=== Task requirements ===
The required output is the stretch from the line containing "A sunset over a lake surrounded by hills. 3" through the line containing "Person steckt ein" in the records below, unaltered and with no pictures.

=== Entries shown ===
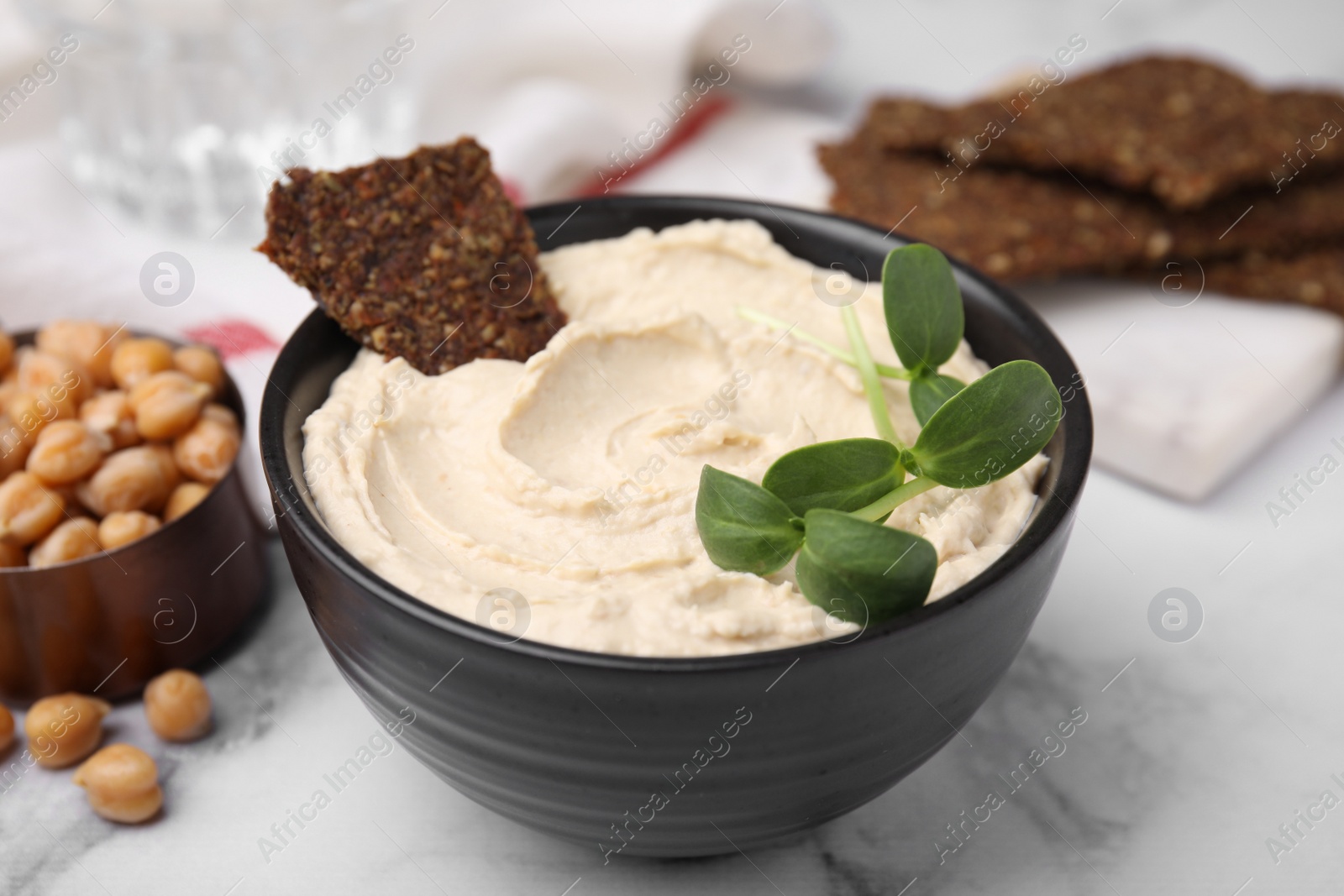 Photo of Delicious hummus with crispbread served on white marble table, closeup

--

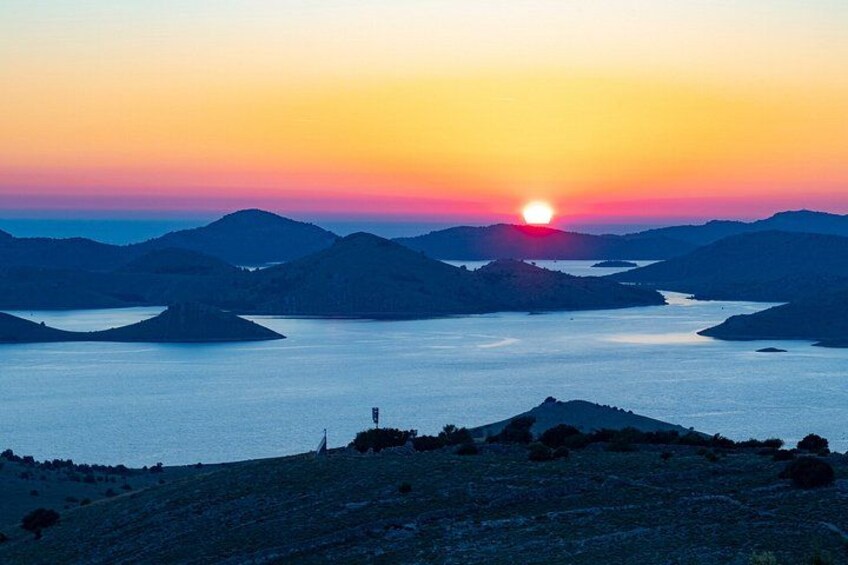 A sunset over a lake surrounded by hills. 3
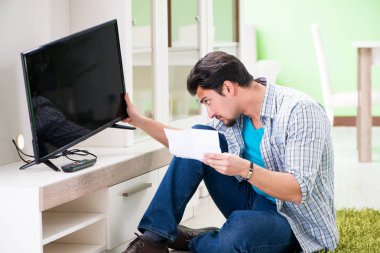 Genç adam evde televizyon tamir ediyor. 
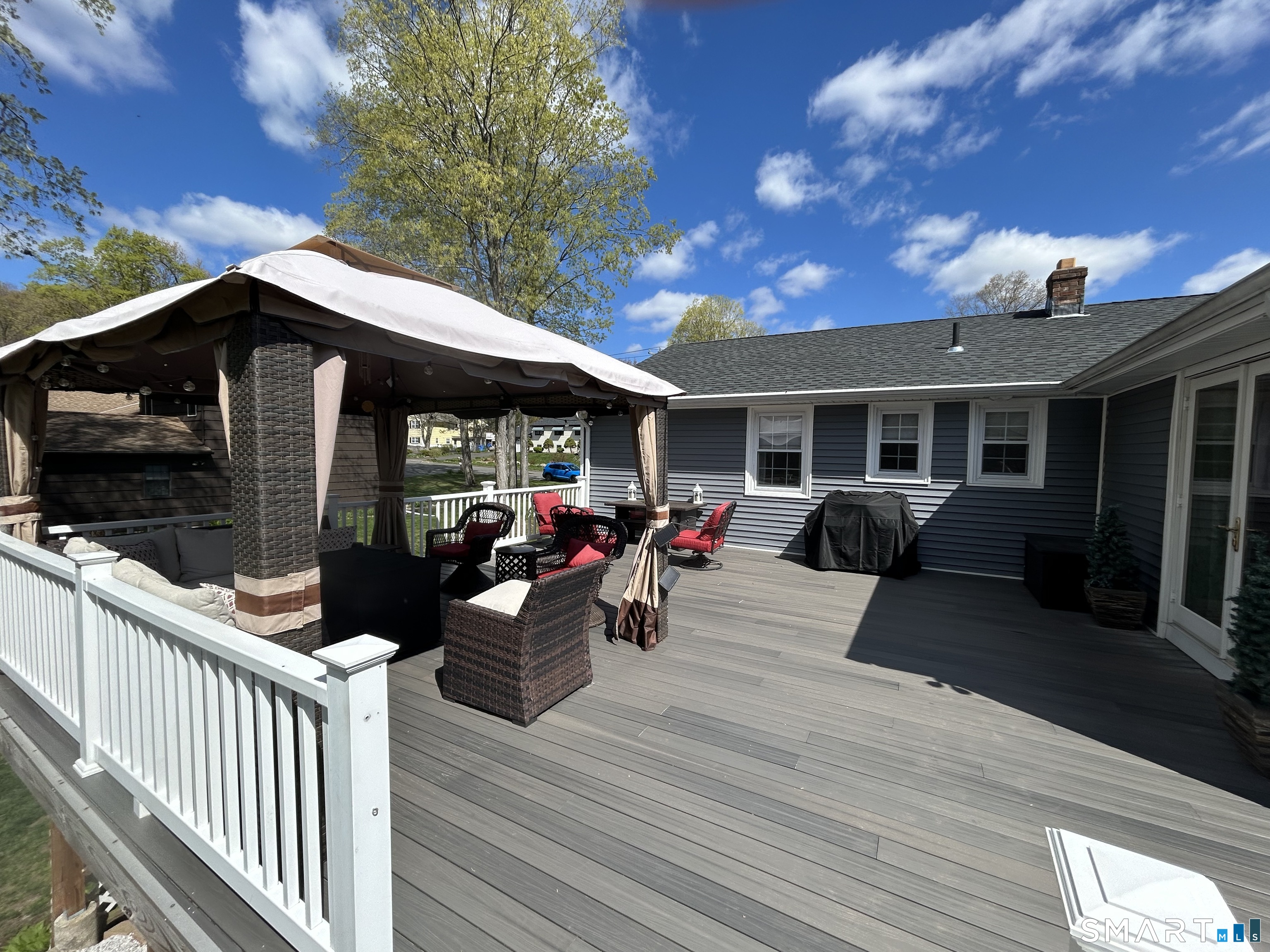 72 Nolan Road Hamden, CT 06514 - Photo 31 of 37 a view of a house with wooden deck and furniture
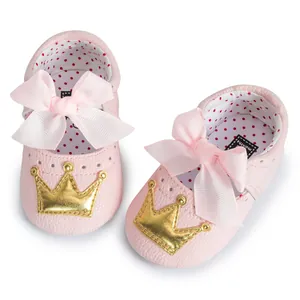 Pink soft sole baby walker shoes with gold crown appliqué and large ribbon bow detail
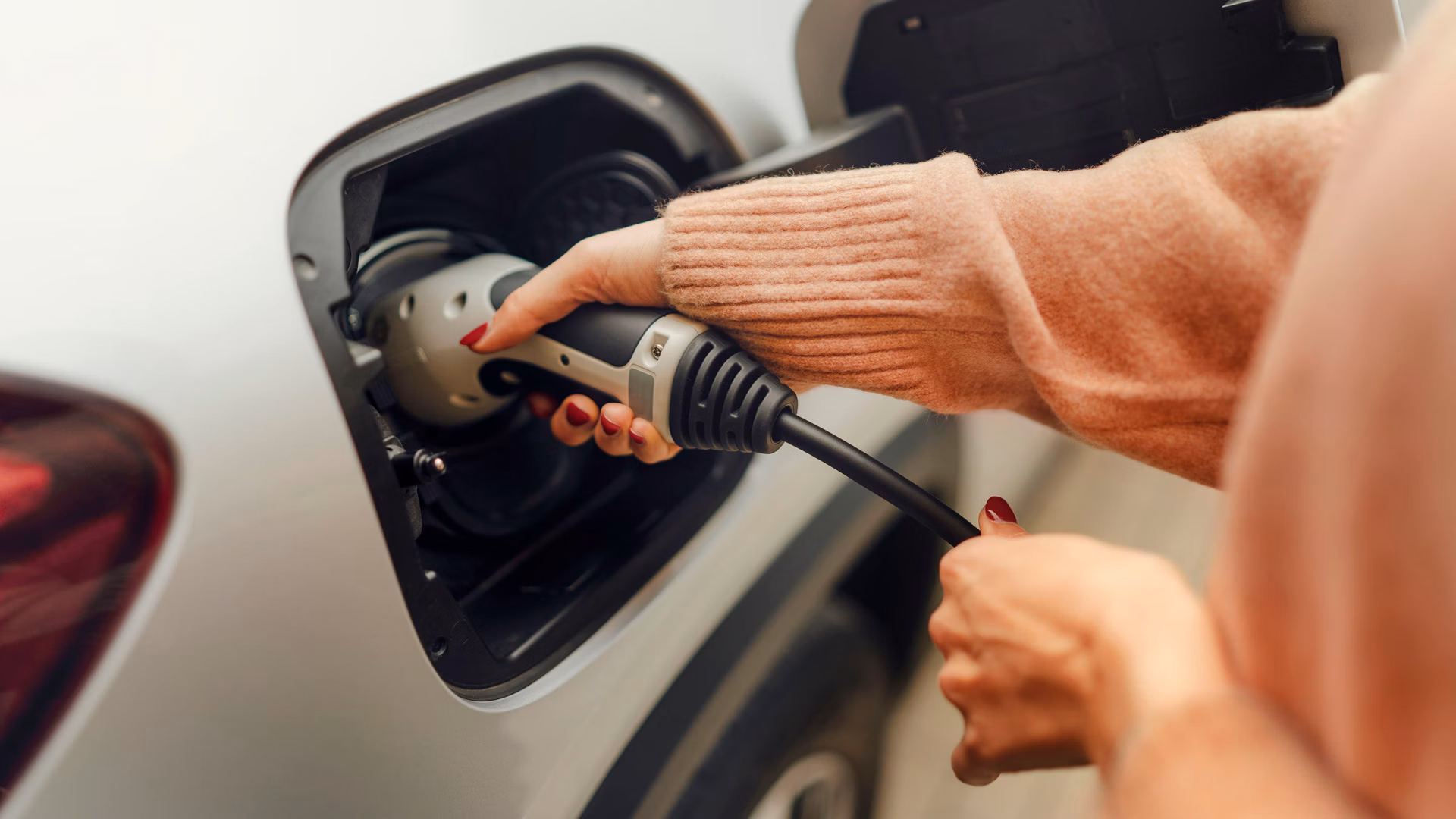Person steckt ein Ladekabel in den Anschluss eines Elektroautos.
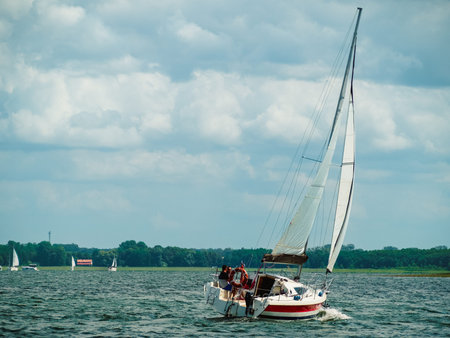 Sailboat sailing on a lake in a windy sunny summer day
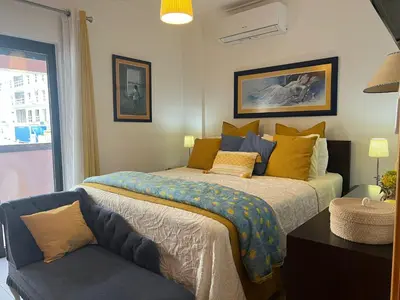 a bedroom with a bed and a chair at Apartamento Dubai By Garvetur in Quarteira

=== Written solution ===
 A sunset over a lake surrounded by hills. 3
 Genç adam evde televizyon tamir ediyor. 
 72 Nolan Road Hamden, CT 06514 - Photo 31 of 37 a view of a house with wooden deck and furniture
 Pink soft sole baby walker shoes with gold crown appliqué and large ribbon bow detail
Person steckt ein Ladekabel in den Anschluss eines Elektroautos.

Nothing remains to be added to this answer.